:: Task details ::
When a line in the data below includes "Club", pick it out and copy it.

[Data items]

________________________________________

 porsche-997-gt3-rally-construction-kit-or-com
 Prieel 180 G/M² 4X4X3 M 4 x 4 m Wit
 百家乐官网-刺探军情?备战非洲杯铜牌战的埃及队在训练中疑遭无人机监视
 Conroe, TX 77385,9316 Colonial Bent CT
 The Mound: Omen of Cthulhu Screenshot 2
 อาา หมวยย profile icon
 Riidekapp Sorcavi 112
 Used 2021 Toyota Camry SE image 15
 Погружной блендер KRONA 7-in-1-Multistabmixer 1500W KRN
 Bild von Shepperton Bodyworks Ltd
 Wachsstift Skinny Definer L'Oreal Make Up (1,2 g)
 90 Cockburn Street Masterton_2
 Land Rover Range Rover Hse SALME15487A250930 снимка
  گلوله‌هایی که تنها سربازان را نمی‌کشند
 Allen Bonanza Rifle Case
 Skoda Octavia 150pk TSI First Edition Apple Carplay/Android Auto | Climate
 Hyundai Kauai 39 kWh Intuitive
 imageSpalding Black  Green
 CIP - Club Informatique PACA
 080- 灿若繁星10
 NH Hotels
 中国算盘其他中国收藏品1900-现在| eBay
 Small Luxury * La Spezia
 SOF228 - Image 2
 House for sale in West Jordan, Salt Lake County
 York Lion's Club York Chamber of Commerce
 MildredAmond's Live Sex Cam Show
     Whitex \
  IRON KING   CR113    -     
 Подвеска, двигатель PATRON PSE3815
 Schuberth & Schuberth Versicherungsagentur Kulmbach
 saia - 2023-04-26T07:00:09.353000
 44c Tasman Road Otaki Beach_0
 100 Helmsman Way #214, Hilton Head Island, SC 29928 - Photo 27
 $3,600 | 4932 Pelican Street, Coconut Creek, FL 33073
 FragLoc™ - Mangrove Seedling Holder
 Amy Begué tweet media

________________________________________

:: Final answer ::
 CIP - Club Informatique PACA
 York Lion's Club York Chamber of Commerce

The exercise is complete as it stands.